Les gestes et les postures codifiées de la cérémonie du thé ou de l’art de servir les repas selon les formes traditionnelles en usage dans les ryokans, auberges japonaises, disent également combien la droiture est importante, source d’harmonie et de beauté. Ainsi, le desservant entre dans la pièce où se trouvent les hôtes en faisant coulisser à vitesse constante le fusuma, fine porte de bois, ou le shouji, son équivalent de papier. Impression d’ouverture de rideau de théâtre…Le voilà qui apparait dans l’embrasure, assis en senza. Il se lève, de façon parfaitement contrôlé puis pénètre dans la pièce en posant d’abord la jambe droite. Il vient poser sur une table basse la nourriture contenue dans de petits réceptacles.
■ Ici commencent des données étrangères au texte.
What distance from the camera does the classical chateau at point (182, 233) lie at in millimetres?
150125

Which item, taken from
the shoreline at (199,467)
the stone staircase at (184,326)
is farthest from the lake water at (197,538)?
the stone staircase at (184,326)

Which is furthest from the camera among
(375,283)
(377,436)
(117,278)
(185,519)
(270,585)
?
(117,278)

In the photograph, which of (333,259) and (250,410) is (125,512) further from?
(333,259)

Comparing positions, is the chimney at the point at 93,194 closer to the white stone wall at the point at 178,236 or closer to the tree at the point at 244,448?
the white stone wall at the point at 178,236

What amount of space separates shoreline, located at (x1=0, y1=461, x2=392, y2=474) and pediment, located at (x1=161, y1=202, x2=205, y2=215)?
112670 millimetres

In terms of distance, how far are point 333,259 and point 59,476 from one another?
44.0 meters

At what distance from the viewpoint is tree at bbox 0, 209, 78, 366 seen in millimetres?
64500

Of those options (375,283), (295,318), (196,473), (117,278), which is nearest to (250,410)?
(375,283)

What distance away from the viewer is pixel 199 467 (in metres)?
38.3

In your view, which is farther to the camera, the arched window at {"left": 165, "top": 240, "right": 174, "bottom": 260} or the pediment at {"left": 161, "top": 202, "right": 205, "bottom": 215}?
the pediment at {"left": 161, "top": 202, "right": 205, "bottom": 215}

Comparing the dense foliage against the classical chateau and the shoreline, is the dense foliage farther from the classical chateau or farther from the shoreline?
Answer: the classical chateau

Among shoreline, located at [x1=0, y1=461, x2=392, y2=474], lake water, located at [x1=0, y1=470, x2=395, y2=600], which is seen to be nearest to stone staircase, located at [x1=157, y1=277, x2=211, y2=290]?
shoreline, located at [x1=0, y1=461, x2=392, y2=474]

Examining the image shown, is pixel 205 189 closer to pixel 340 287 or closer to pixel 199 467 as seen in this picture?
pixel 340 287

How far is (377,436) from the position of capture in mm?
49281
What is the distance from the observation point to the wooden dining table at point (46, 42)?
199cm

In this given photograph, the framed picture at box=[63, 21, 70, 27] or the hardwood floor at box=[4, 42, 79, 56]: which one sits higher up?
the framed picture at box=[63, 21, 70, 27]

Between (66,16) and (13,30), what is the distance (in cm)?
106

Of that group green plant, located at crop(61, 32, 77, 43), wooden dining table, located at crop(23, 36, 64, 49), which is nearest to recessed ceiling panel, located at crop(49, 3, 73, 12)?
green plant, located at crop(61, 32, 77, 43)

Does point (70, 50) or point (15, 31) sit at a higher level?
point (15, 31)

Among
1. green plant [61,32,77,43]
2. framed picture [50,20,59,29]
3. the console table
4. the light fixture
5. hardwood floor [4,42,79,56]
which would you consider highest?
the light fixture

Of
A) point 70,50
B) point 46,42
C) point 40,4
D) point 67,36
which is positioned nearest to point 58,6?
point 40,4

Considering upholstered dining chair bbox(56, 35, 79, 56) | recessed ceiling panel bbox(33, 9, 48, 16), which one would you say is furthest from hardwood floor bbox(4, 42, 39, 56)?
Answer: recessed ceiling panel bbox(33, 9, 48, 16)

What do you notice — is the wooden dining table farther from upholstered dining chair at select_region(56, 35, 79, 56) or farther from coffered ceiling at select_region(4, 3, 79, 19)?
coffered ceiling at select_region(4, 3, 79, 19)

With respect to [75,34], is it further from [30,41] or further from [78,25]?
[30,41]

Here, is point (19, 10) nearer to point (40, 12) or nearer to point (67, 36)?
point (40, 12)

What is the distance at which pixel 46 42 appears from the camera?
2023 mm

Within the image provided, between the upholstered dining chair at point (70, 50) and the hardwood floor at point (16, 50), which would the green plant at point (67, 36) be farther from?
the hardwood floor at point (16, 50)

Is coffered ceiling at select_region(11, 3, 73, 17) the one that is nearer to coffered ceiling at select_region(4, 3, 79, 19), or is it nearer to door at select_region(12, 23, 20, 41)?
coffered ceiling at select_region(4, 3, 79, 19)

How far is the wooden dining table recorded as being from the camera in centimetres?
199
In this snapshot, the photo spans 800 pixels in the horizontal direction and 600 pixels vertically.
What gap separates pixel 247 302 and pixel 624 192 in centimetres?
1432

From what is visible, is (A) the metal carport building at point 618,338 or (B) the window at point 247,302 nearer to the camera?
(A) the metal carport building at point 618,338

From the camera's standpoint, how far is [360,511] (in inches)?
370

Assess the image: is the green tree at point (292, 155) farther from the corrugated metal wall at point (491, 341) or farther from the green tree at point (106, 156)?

Chacun de ses gestes est patiemment réalisé, comme une chorégraphie, avec une géométrie préparée. Il n’y a pas un mouvement dont l’amplitude ne jure ou qui n’ait son utilité. Le service effectué, le desservant se courbe profondément pour honorer les hôtes avant de repartir d’une démarche tatillonne faite de petits pas rendus obligatoires par le degré d’ouverture limité des pans serrés du yukuta. Franchi le seuil par la jambe gauche, c’est en se tournant à nouveau vers les convives qu’il s’agenouille encore et referme le fusuma en le faisant glisser à nouveau, tout en souriant, jusqu’à s’effacer lui même complètement. Il en reste une impression d’ordonnance et une rigueur qui flotte encore dans l’espace et aide à s’endormir.